Every year in the United States, volunteers perform more than seven billion hours of service—delivering food to seniors, tutoring children, and much more. Platforms like VolunteerMatch, the nation’s largest online volunteer-recruitment resource, help make it happen by connecting volunteers with organizations that are seeking them. The site makes more than a million matches each month.
But even though the platform’s overall output is prolific, VolunteerMatch told Yale SOM’s Vahideh Manshadi, many of the organizations using it still were unable to find the volunteers they needed. And this was not because one organization was somehow more attractive to volunteers than others.
“The platform was collecting data, but they did not have the resources to analyze it in detail,” says Manshadi, a professor of operations whose research uses operations tools to improve the functioning of online platforms used by nonprofits and other organizations. ”And when we looked at their data, it revealed a winner-take-all effect. Some organizations received more volunteers than they actually needed. Others were getting none at all.”
The algorithm was showing users the most popular opportunity as being most relevant. That is exactly what Google does, but VolunteerMatch is not a search engine; it is a matching platform. The goal is to match demand and supply.
Working with UCLA Anderson’s Scott Rodilitz, Stanford’s Daniela Saban, and Yale SOM’s Akshaya Suresh, Manshadi dove into the code of the VolunteerMatch algorithm. The researchers found that the platform was using a recommendation algorithm that sorted opportunities based on their relevance to the user, much like a search engine would. Its search function presented users with a ranking of the “top” opportunities, and this meant that some opportunities were shown to many users, while others languished.
“The algorithm was showing users the most popular opportunity as being most relevant. That is exactly what Google does, but VolunteerMatch is not a search engine; it is a matching platform. The goal is to match demand and supply,” says Manshadi.
And when opportunities fell further down the algorithm’s rankings, they often went unseen—and unfilled. This had negative implications for both low-ranking opportunities that could not find volunteers, and high-ranking ones that got more sign-ups than they needed and were forced to devote additional resources to the administrative work of processing too many applications.
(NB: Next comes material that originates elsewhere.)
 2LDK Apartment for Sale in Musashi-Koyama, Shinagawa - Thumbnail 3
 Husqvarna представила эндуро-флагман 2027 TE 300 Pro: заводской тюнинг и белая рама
In order to increase the number of opportunities that got some engagement, Manshadi and her team set out to optimize the way the algorithm ranks opportunities. The algorithm assigns each opportunity a score, and was using a simple logic based primarily on proximity and recency. This meant that a recently posted opportunity that was near a user’s physical location would be ranked higher than one that was farther away and older. And this would occur even if the newer opportunity had already attracted multiple volunteers, and the older one had not gotten any.
“Volunteers want to make a contribution through work they enjoy and care about, but they also want to be needed. And if you are volunteer number 50, you are not really needed,” says Manshadi.
“We wanted to tweak the algorithm to better represent all possibilities, and make it more equitable. And the logic of how we did this is very simple. Once an opportunity has received attention and gotten some signups, the algorithm reduces the score it assigns to it. And when you do that, other opportunities move up the ranking.”
The modified algorithm was tested in two of VolunteerMatch’s key markets. The Dallas/Fort Worth region has urban, suburban, and rural areas that allowed the researchers to observe whether there were any differences in how the new algorithm performed in different environments. They also tested it in Southern California, which allowed them to observe differences in two different-sized cities: San Diego and Los Angeles.
They found that with the new algorithm in place, the number of organizations that got at least one volunteer signup through the platform increased by 8-9%. At the outset of the study, the VolunteerMatch staff was concerned that the changes to the algorithm could lower the total number of volunteers who actually signed up for opportunities, but in fact the loss was negligible.
The results were consistent across the different markets, and VolunteerMatch has since deployed the new version of the algorithm nationwide. If the effect is similar on a national scale, the researchers estimate, more than 30,000 volunteer applications would be re-directed to opportunities that would have been overlooked otherwise.
“We learned that if you are willing to lose very little efficiency—close to nothing—there are ways to make things more equitable,” says Manshadi, who notes that the winner-take-all effect is pervasive in other algorithms too. She suggests that similar techniques could also be used to make widely used platforms like Amazon or Yelp, which also tend to push users toward a few top results, more equitable.
Manshadi also hopes that the project will serve as a demonstration of how data-driven approaches can increase the impact of nonprofit organizations.
“We approached VolunteerMatch with an open mind. It runs a very impactful and important platform, and we have expertise in improving platform operations. They were open to having a conversation,” says Manshadi.
“Nonprofits have a lot to gain, but many people in the sector may not be aware of the possibilities of leveraging their data, or have resources to invest in it,” she adds. “And if nonprofits have not had experience with analytics and optimization, they may not know how much it can help. The nonprofit sector’s use of data is behind for-profit organizations, and this is unfortunate. It could really increase their impact—and make a difference in people’s lives.”